### Records shown
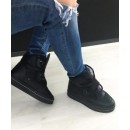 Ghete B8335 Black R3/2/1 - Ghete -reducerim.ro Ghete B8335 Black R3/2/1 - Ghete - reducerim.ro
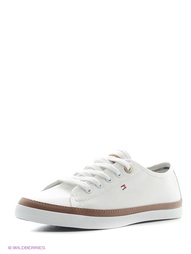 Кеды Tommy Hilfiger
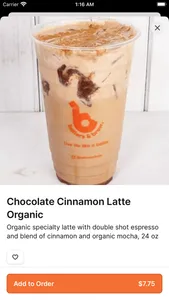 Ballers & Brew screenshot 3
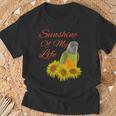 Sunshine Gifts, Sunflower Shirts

* * *

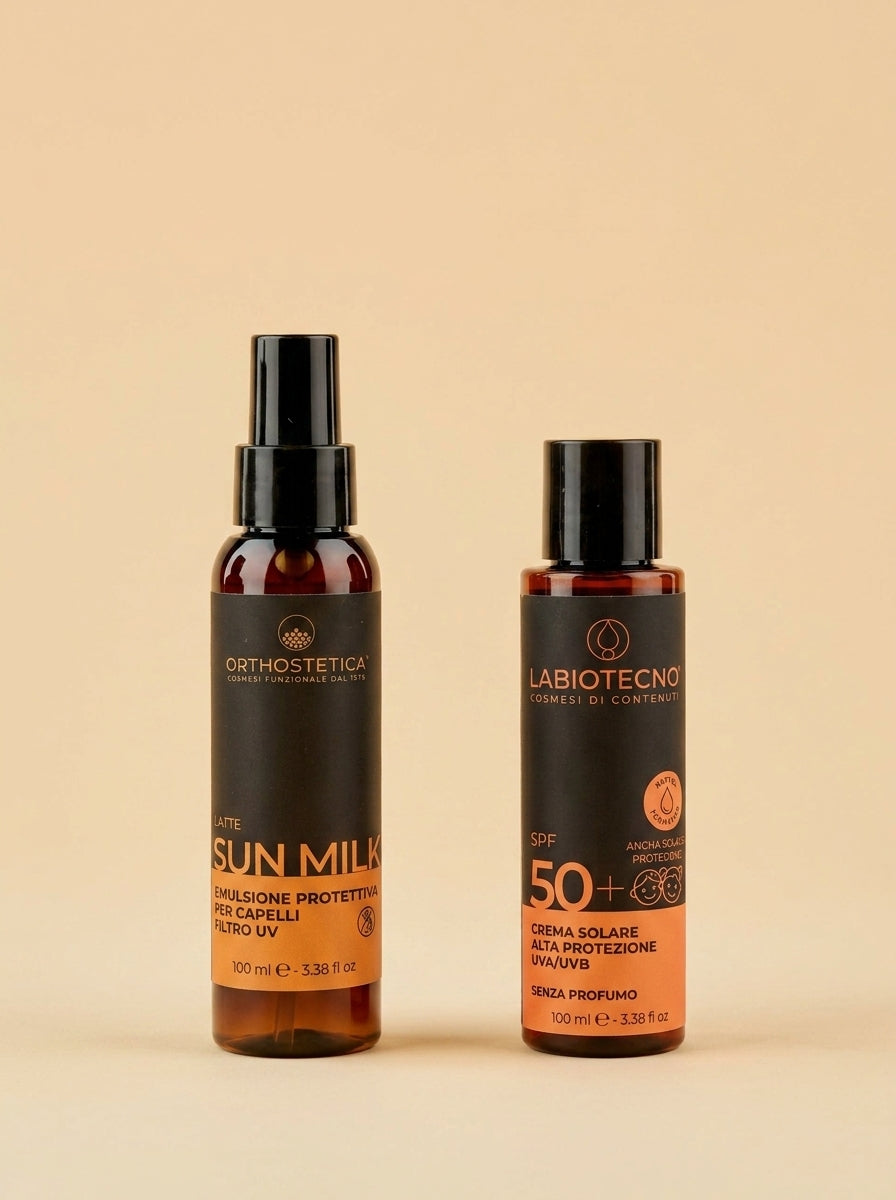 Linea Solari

---

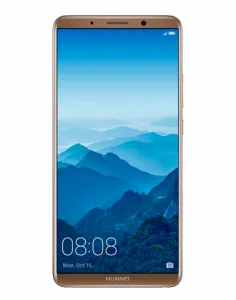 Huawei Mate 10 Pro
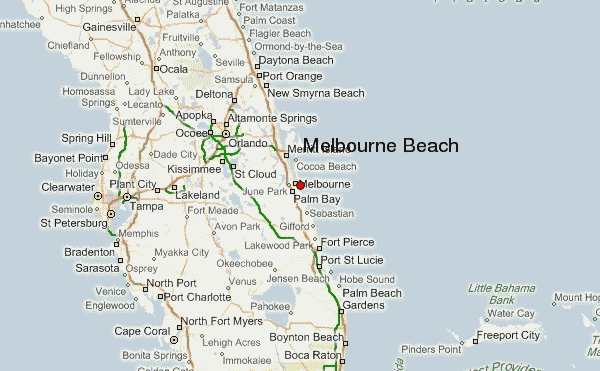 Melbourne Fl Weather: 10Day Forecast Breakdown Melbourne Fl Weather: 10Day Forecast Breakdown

### Exercise directions
Using the data above, set down each line from the line with "Ghete B8335 Black R3/2/1 - Ghete -reducerim.ro" to the line with "Sunshine Gifts, Sunflower Shirts" exactly, both ends included, and leave the pictures behind. Nothing else belongs.

### Answer to this problem
 Ghete B8335 Black R3/2/1 - Ghete -reducerim.ro Ghete B8335 Black R3/2/1 - Ghete - reducerim.ro
 Кеды Tommy Hilfiger
 Ballers & Brew screenshot 3
 Sunshine Gifts, Sunflower Shirts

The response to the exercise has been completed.